-------- Extracted material --------

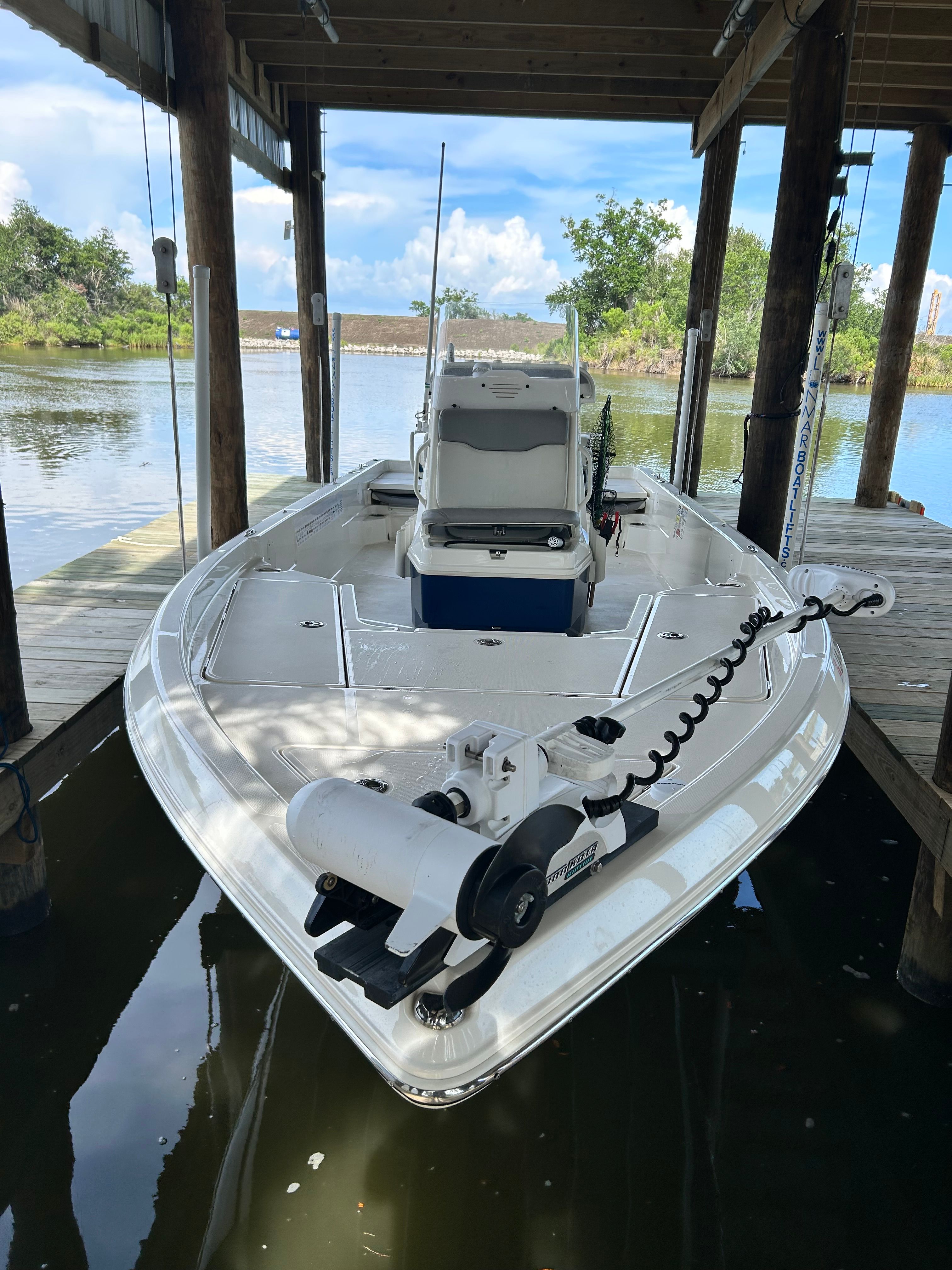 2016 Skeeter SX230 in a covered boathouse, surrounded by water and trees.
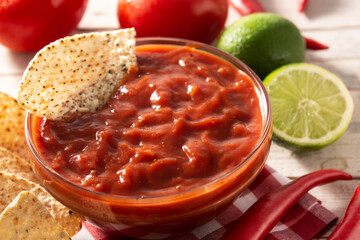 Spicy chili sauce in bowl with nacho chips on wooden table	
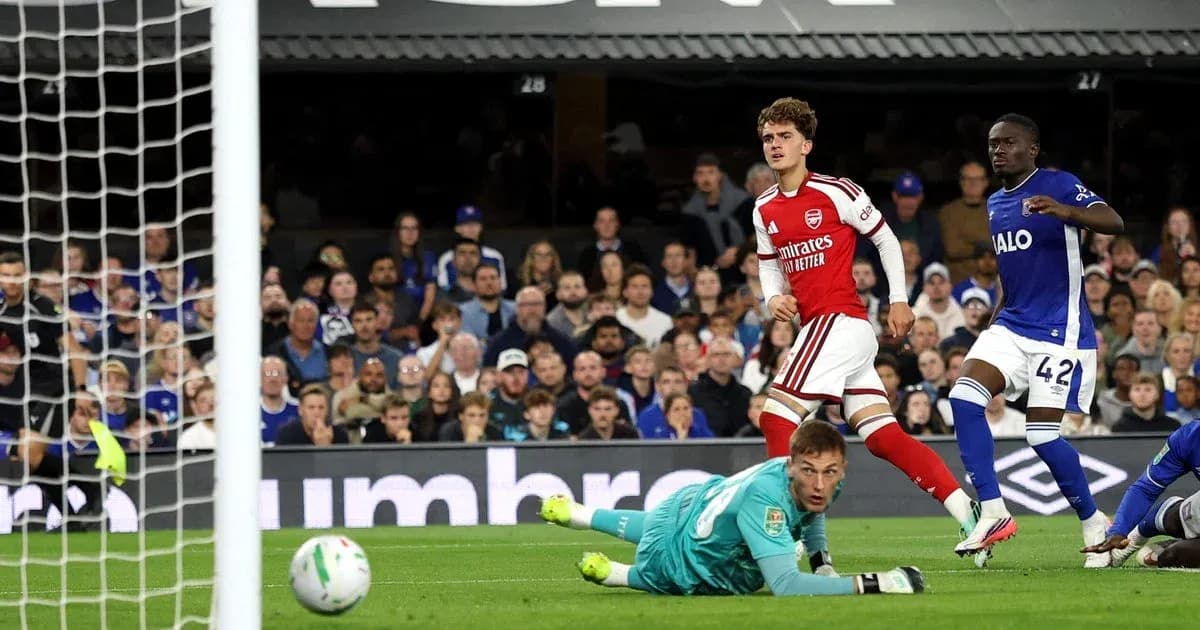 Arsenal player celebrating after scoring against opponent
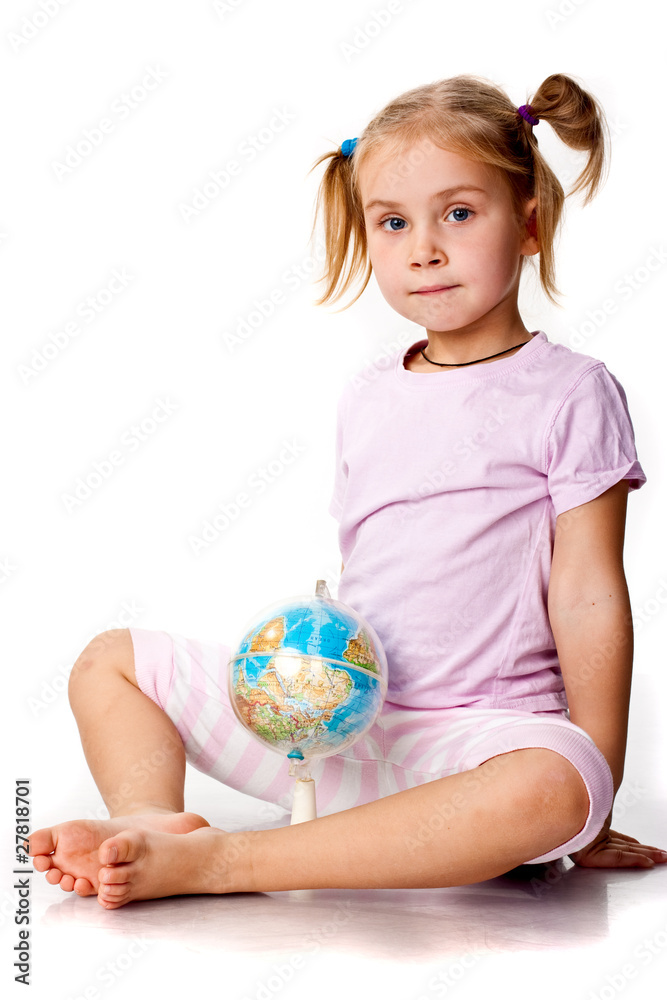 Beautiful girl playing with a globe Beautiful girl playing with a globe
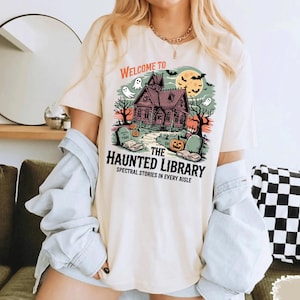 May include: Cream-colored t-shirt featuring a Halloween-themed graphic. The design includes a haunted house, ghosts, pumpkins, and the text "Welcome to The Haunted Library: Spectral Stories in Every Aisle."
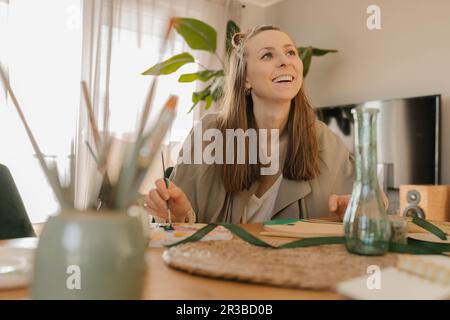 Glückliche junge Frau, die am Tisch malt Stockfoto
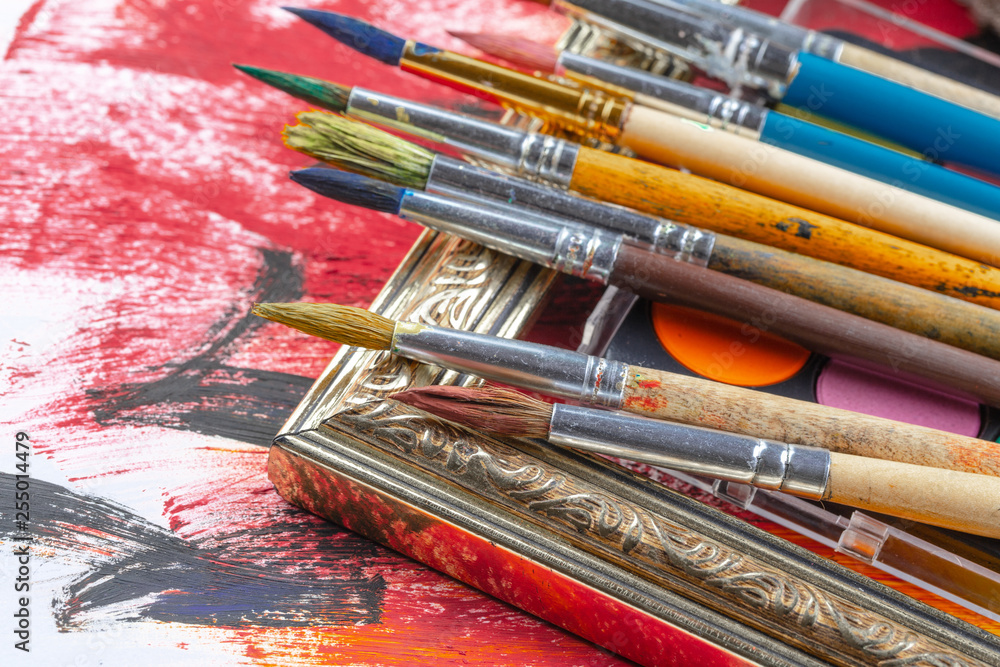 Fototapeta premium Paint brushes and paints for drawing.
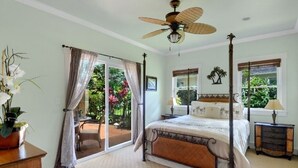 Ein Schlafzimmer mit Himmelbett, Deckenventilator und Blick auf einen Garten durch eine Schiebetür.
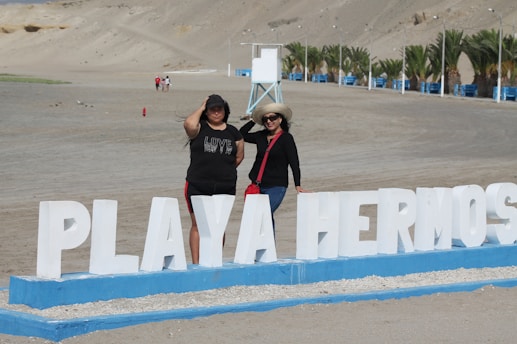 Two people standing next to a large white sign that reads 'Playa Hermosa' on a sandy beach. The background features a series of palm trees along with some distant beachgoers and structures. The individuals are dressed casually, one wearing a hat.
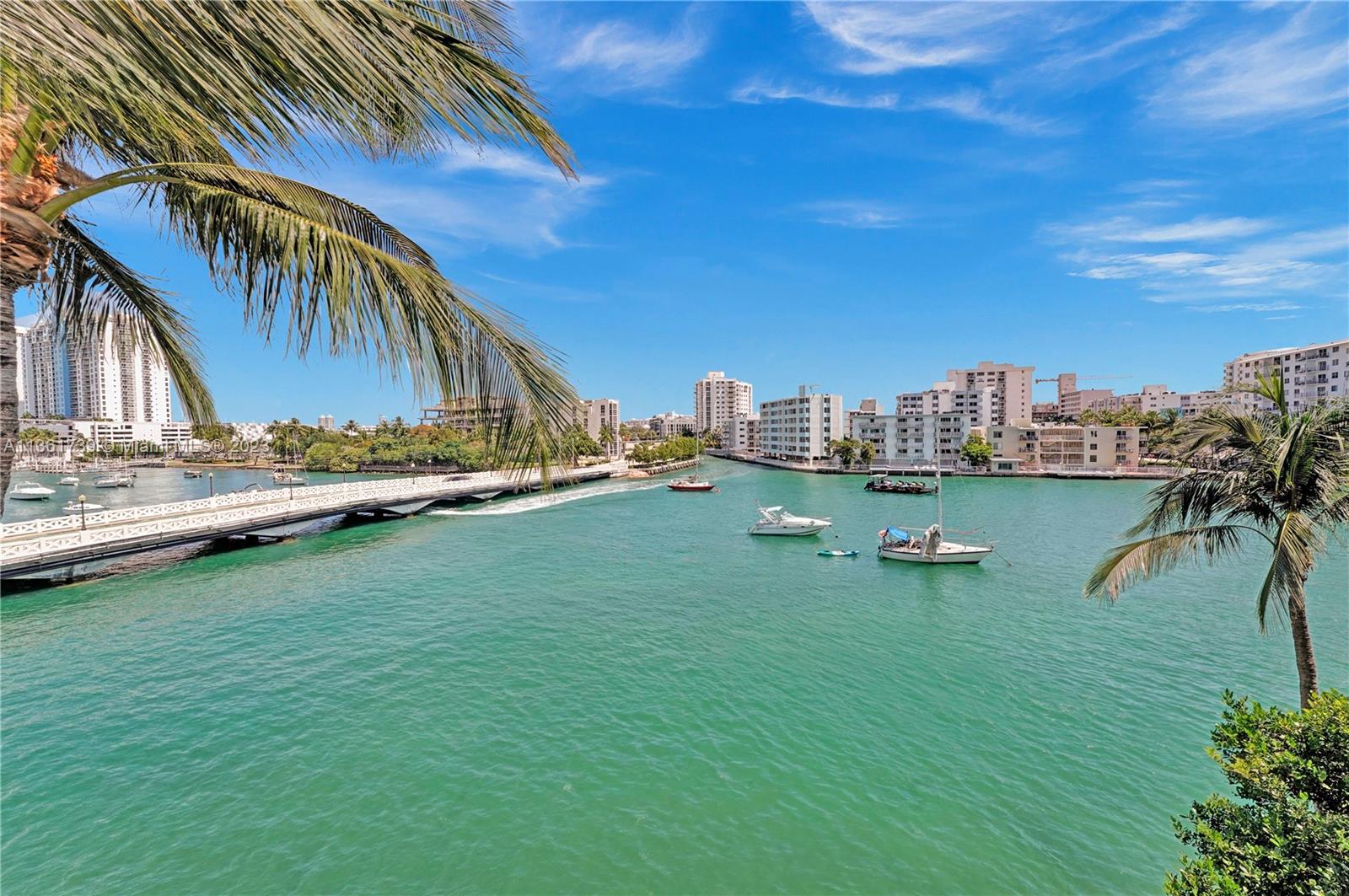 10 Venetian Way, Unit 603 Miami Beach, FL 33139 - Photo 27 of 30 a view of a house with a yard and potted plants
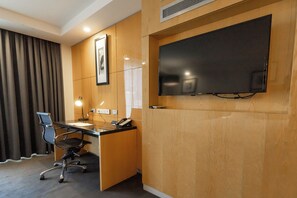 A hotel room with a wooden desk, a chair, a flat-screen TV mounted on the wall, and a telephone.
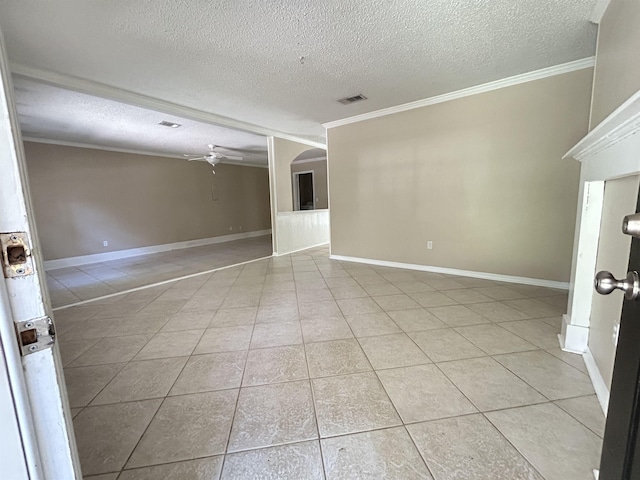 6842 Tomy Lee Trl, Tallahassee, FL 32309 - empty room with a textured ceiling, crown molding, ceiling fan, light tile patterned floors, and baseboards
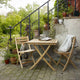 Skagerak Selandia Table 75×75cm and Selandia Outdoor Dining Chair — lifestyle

--------

### Problem
Give again exactly the lines running from the beginning of the material above through the line that contains "Ein Schlafzimmer mit", and leave out every picture.

### Answer to the exercise
 2016 Skeeter SX230 in a covered boathouse, surrounded by water and trees.
 Spicy chili sauce in bowl with nacho chips on wooden table	
 Arsenal player celebrating after scoring against opponent
 Beautiful girl playing with a globe Beautiful girl playing with a globe
 May include: Cream-colored t-shirt featuring a Halloween-themed graphic. The design includes a haunted house, ghosts, pumpkins, and the text "Welcome to The Haunted Library: Spectral Stories in Every Aisle."
 Glückliche junge Frau, die am Tisch malt Stockfoto
 Fototapeta premium Paint brushes and paints for drawing.
 Ein Schlafzimmer mit Himmelbett, Deckenventilator und Blick auf einen Garten durch eine Schiebetür.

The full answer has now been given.